That is a good point. I did not have to take the caliper all the way off, so I did not need to try the clamp.

I loosened the 10-mm brake line nut first. Then the 19-mm caliper mounting bolts on the back side of the caliper. Both needed a couple applications of PB-Blaster a few days apart, and cleaning some of the rust first (is Seafoam similar?). The brake line nut really does need a flare nut wrench, seems very fragile.

After taking the 19-mm bolts out, I unclipped the hard brake line from the plastic clips on the back side of the wheel, and slid the caliper off. Then I swung it around 90 degrees, and propped it up on a box. Could not see how it can be tied to anything and suspended w/o putting stress on the brake line. Either I am missing something, or that direction is wrong. A few drops of brake fluid did seep out of the brake line at the nut, but not much.

Rotor set screw came out ok, but the size on that one seems odd, I had to use a larger Torx bit than I first thought. Stripping that seems like a definite possibility.

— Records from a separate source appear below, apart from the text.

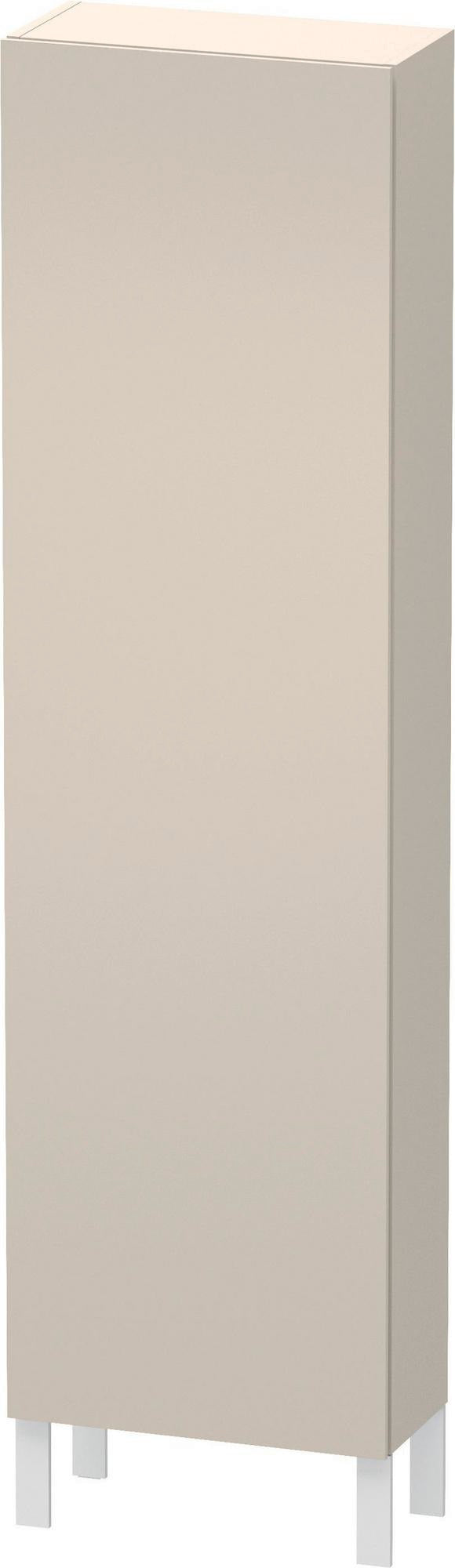 DURAVIT L-Cube Hochschrank 500 mm taupe matt mit Soft-Close und Glasböden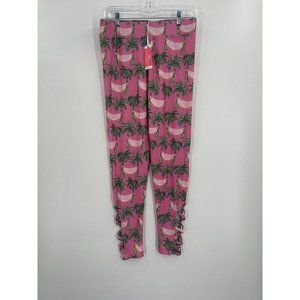 NWT Simply Southern Women's Palm Tree Pants Plus Size Fits L-XL-XLL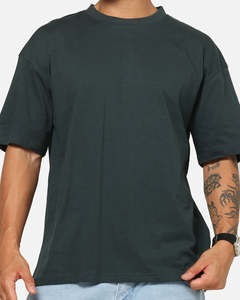 Camiseta de Gran Tamaño para Hombre, Diseño Moderno, Fabricante de Pakistán, Venta al por Mayor OEM/ODM, 100% Algodón, Color Personalizado - Product Image 6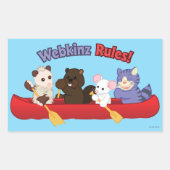 Webkinz | Webkinzの規則のカヌー旅行2 長方形シール (正面)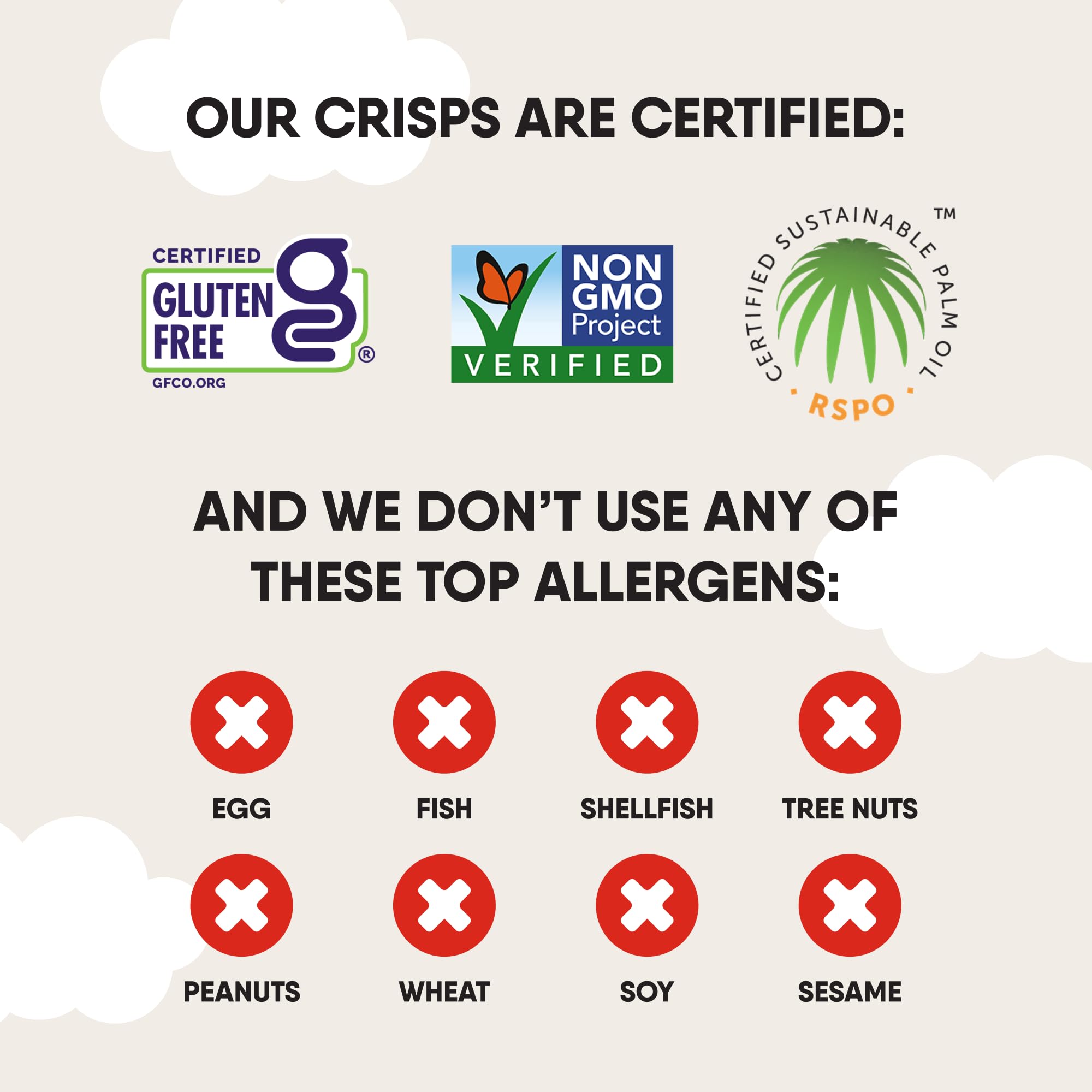 The Good Crisp Company lata en mano para comparar tamaño y porción práctica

The rotor was loose then, but hung up on the brake shoes. The hand brake adjuster had to be backed way down before taking the rotor off...

Pics:
  • Caliper bolts and brake line nut
  • Location of the hand brake adjuster with rotor removed
  • Caliper rotated out of the way, still attached to the brake line, rotor removed for access to the hand brake
Torque specs:
  • 19-mm rear brake caliper mounting bolt, 59 lb-ft
  • 10-mm brake pipe union nut, 10 lb-ft
  • rear rotor set screw, 7 lb-ft
Locktite is recommended on the caliper mounting bolts, but it seems like they should hold ok just by tension if tightened correctly. The threads on mine did not need much cleaning.